Using the data below, transcribe exactly everything from the line that contains "Cream Printed Solid" down to the line that contains "Tsareena #19 from". Include both of those lines and none of the pictures.

**Source material**
- Opening Delimiter -
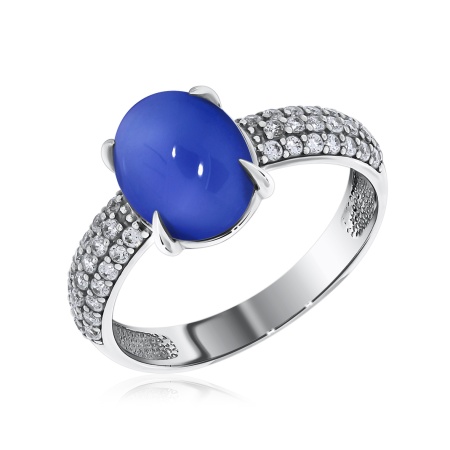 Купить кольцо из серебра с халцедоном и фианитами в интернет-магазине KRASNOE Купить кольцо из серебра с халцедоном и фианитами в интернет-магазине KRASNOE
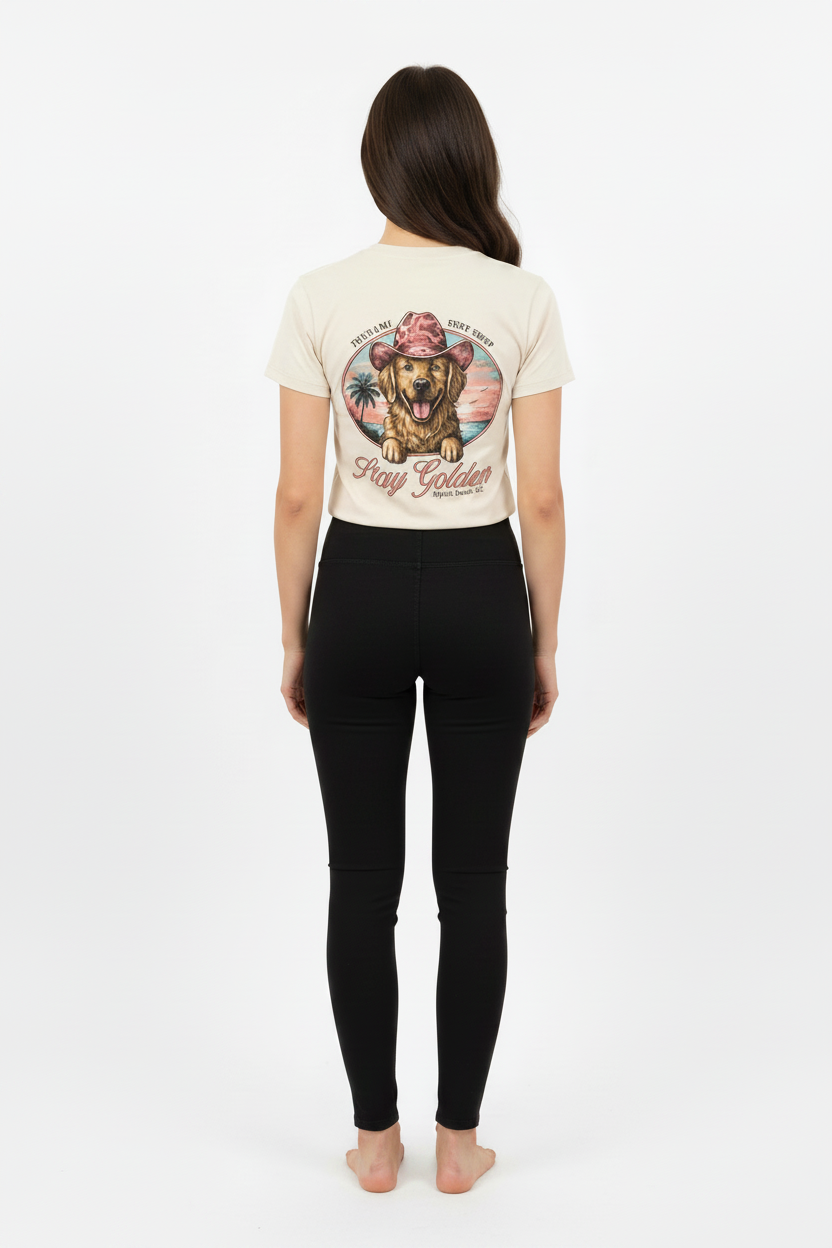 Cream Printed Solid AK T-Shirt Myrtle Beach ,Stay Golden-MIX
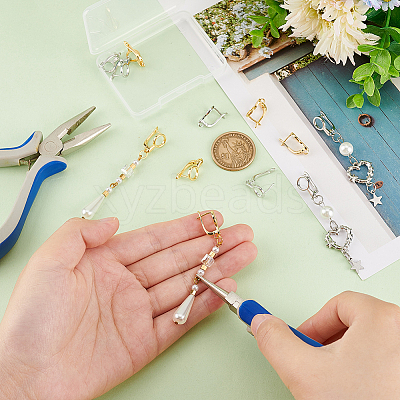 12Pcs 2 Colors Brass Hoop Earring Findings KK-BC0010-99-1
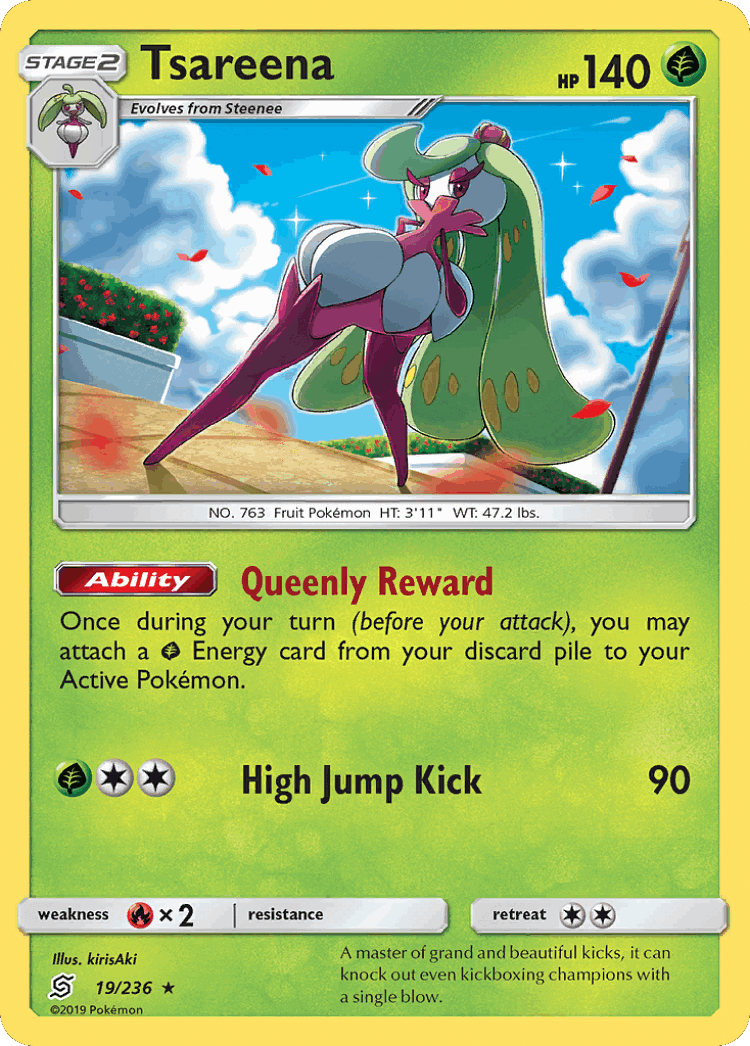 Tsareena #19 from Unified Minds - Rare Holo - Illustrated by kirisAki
- Closing Delimiter -
- Opening Delimiter -
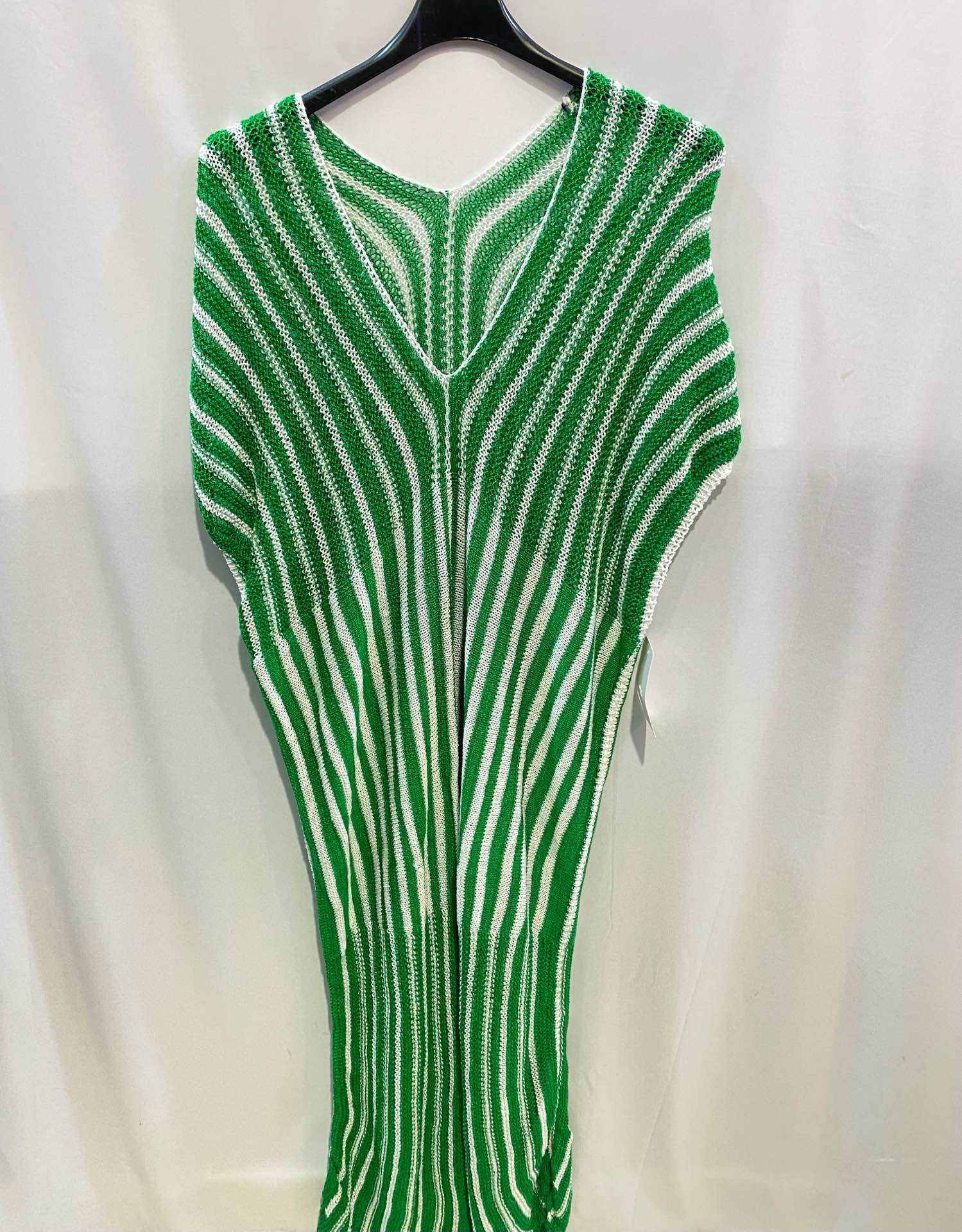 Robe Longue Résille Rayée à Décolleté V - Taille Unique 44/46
- Closing Delimiter -
**Response for this exercise**
 Cream Printed Solid AK T-Shirt Myrtle Beach ,Stay Golden-MIX
 12Pcs 2 Colors Brass Hoop Earring Findings KK-BC0010-99-1
 Tsareena #19 from Unified Minds - Rare Holo - Illustrated by kirisAki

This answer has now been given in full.